22 February 2017

Electric bikes are for old people… aren’t they?

Young woman and man riding Stromer ST1 electric bikes

Some people think an e-bike is just like a normal bike except you don’t do much work – good for dodgy knees. Here’s what it’s really like riding an e-bike in London

Electric bikes are essentially standard bikes with a battery and motor which gives you assistance as you pedal, which is why they are treated legally like a regular bike (except you have to be 14 to ride one). The assistance can be adjusted from almost nothing to a level that makes you feel a little bit superhuman – but with London traffic and no worries about when it can be charged next, I find it best to leave it set to max.
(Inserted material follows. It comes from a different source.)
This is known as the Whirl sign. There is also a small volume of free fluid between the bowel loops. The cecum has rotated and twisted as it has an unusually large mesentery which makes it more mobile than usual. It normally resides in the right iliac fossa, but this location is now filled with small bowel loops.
Here are the good things about them and why young, fit people should ride them too:

They’re quick

E-bikes accelerate swiftly to 15mph or so and pretty much stay there. You can be off at the lights just after the motorbikes but before the cars, keeping you clear of most other traffic through junctions, which is where the majority of accidents happen. The other major advantage is that hills don’t make much of a difference – I’ll only lose a few mph riding up to somewhere like Hampstead – and it feels much safer to keep your speed closer to the rest of the traffic. Once up to speed, then yes, someone fit on a road bike will pull away from you, but you’ll soon be at another set of lights.

They give you confidence

The combination of fast acceleration and maintaining a good speed makes it easier to ride with assurance and assertiveness – important when riding in London. You are less reliant on other road users making allowances for you, and you are more visible if you stay in front.

You can wear normal clothes

Any time of year outside the dead of winter, I can’t ride a normal bike without arriving hot – I try and go more slowly but maybe I’m running late, want to get through the next light before it changes etc. Plus there’s the effort of getting back up to speed after multiple stops.
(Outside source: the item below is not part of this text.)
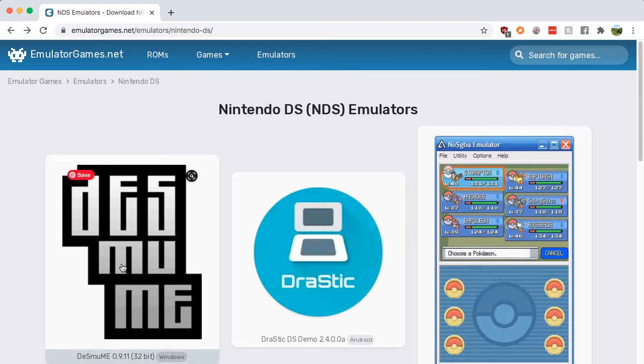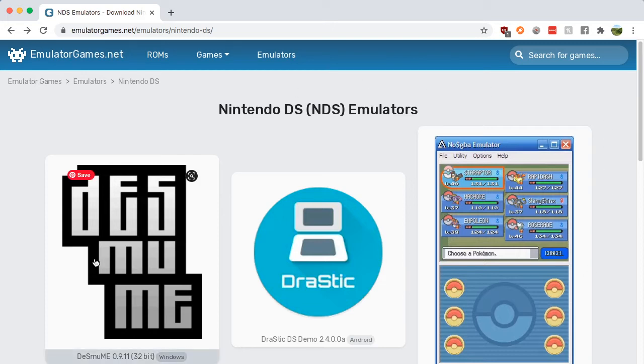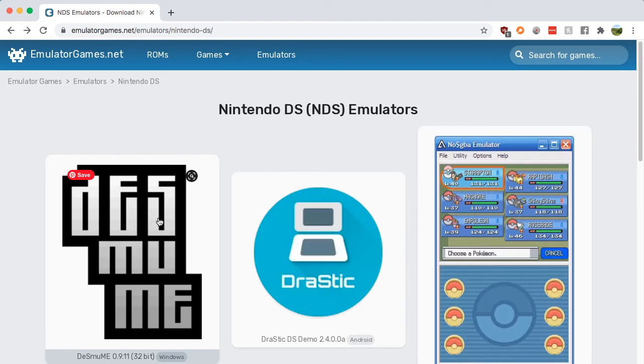You have two options that you can pick from that are well-trusted: that's DeSmuME and you also have the No$GBA emulator. Those are the two that are highly reliable.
E-bikes give you the speed without excess effort, so you don’t get to work or a meeting uncomfortably hot and worried about not smelling so fresh.Chain guard on a bike

Also you can ride them in everyday clothes – they all have mudguards and the majority have chain guards so you don’t need bike clips. And putting on a suit doesn’t mean that you have to leave the bike at home and take the tube.
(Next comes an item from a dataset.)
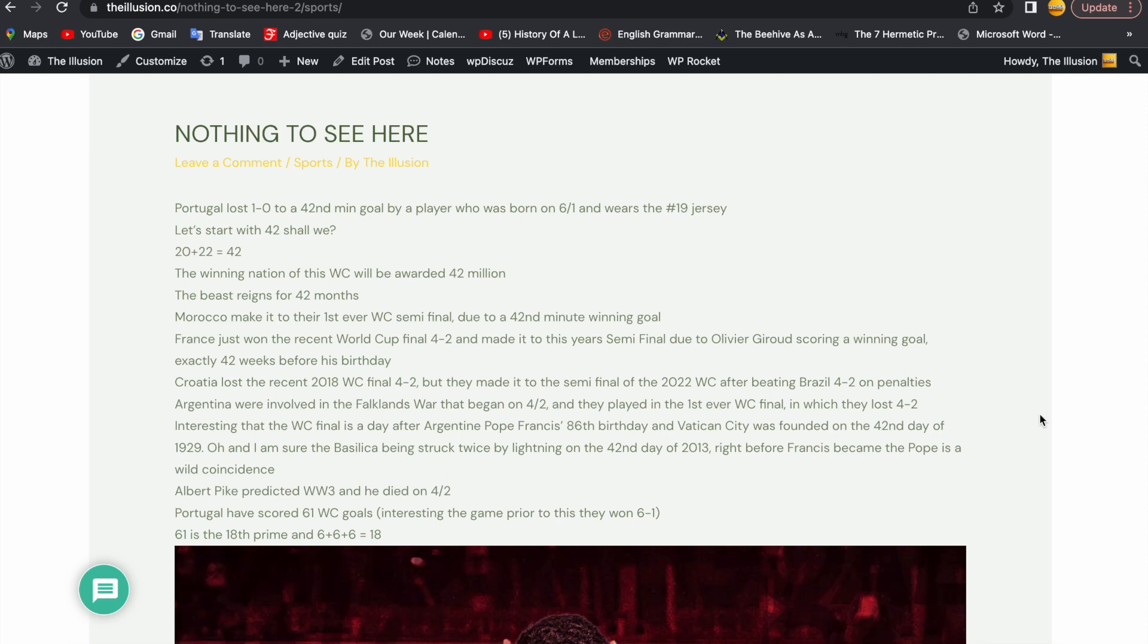Nothing to see here. Portugal just lost 1-0 to Morocco to a 42nd minute goal by a player who was born on 6-1 and wears the number 19 jersey. Let's start with 42, shall we? We're in 2022. 20 plus 22 equals 42. The winning nation of this World Cup will be awarded 42 million. The beast reigns for 42 months.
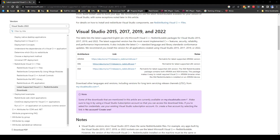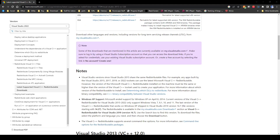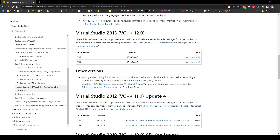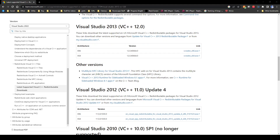Once you get both of them, go ahead and activate them. If it gives you the option to repair instead of uninstalling, then you're going to want to navigate down to 2013 and do the same thing, and 2012 and do the same thing.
Longer journeys are just as easy

Most cyclists in London have a mental perimeter around their home that they are comfortable riding in – any further just feels too far to go by bike. An electric bike easily doubles the radius or more. A commute that seemed too far to cycle is doable, and the days you just don’t have the energy to go by bike are pretty much over.

They’re practical

Most e-bikes, and particularly Dutch bikes like those from QWIC, are made to be used for all kinds of trips and errands. In contrast, bicycles used in London are often road bikes, single-speed fixies or hybrids. All of which are lightweight with skinny tyres and generally don’t come with mudguards, locks etc, so you have to buy those as extras. And you would never see one with a stand.

Bicycle frame lock

But put a frame lock (the type that is fixed to the frame and stops the rear wheel turning) and a stand on a bike and it can be used in a different way. If you need to stop at a shop for something, you can leave the bike right outside without searching for a post and lock it in about 5 seconds. Keeping half an eye on it while you’re inside is enough, as you know the bike’s going to be too heavy for someone to run off with (more about the weight later). Obviously it’ll need to be locked up more securely for longer periods, but all the fiddling around finding a post of the right size and then threading a lock through the frame just for a 2-minute errand is eradicated.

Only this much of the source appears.